Cherokee Citizen Named to Census Bureau’s National Advisory Committee on Racial, Ethnic and Other Populations

Cherokee Citizen Named to Census Bureau’s National Advisory Committee on Racial, Ethnic and Other Populations

ICTMN Staff
10/14/12

Leigh McGee, Cherokee, was recently named as one member of the United States Census Bureau’s new National Advisory Committee on Racial, Ethnic and Other Populations.

The new committee will advise the Bureau on multiple fronts that have an impact on cost, accuracy and implementation of the Bureau’s programs and surveys, including the once-a-decade census. The new committee consists of 31 members from multiple disciplines to add in topics that include housing, children, youth, poverty, privacy, race and ethnicity, as well as lesbian, gay, bisexual, transgender and other populations.

“We expect that the expertise of this committee will help us meet emerging challenges the Census Bureau faces in producing statistics about our diverse nation,” said Thomas Mesenbourg, the Census Bureau’s acting director. “By helping us better understand a variety of issues that affect statistical measurement, this committee will help ensure that the Census Bureau continues to provide relevant and timely statistics used by federal, state and local governments as well as business and industry in an increasingly technologically oriented society.”

All committee members will serve at the discretion of the Census Bureau director and were chosen based on expertise and knowledge of the cultural patterns, issues and/or statistical needs of hard-to-count populations.

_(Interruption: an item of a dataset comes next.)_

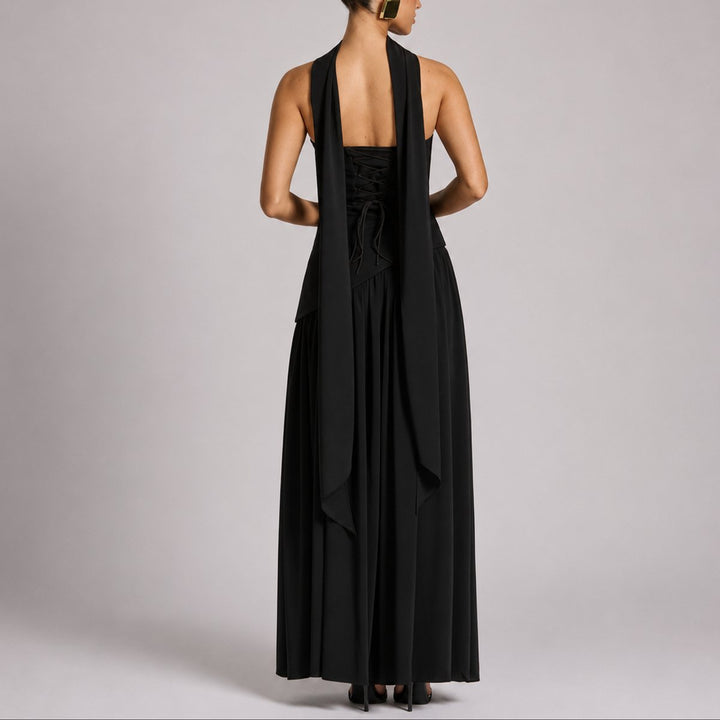 Women's Strapless Open-Back Scarf-Neck Maxi Fall Wedding Guest Dress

McGee brings 25 years of experience as a consultant in corporate America and Native America, is the co-owner of two businesses – OSIYO Consulting and Council House Institute. She is an active volunteer and advocate for underrepresented and economically challenged populations at the federal, Native and local city levels. She has an MBA from Wilmington University in Delaware, and a bachelor’s degree in accounting from Northeastern State University in Oklahoma.